▸ What to do
Repeat verbatim what the listing holds, but not its pictures.

▸ Dataset excerpt
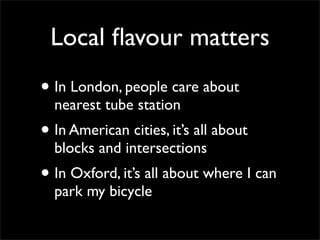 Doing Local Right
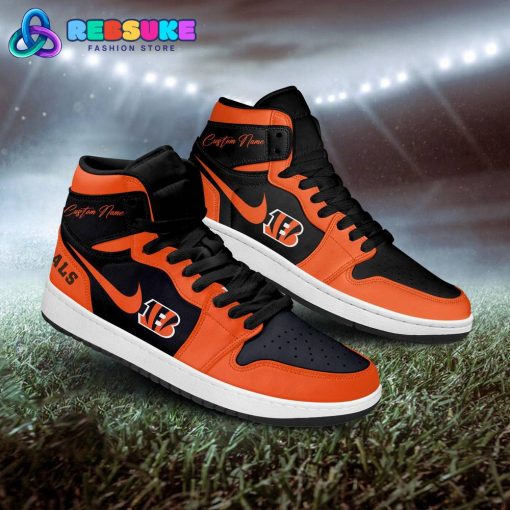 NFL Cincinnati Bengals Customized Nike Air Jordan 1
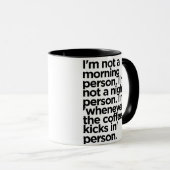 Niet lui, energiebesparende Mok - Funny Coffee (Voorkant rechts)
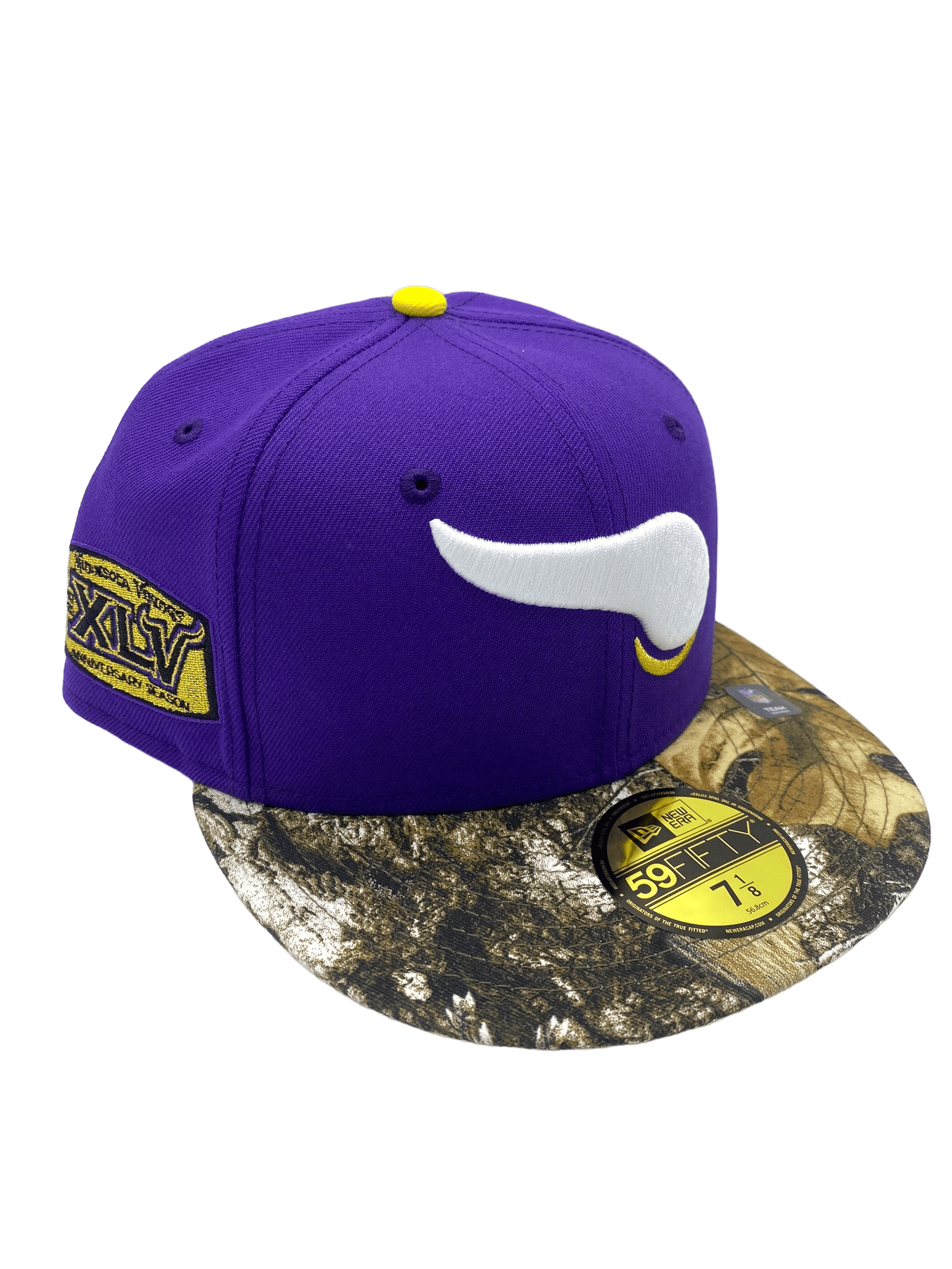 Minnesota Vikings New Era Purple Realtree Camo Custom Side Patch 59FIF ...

▸ Task solution
 Doing Local Right
 NFL Cincinnati Bengals Customized Nike Air Jordan 1
 Niet lui, energiebesparende Mok - Funny Coffee (Voorkant rechts)
 Minnesota Vikings New Era Purple Realtree Camo Custom Side Patch 59FIF ...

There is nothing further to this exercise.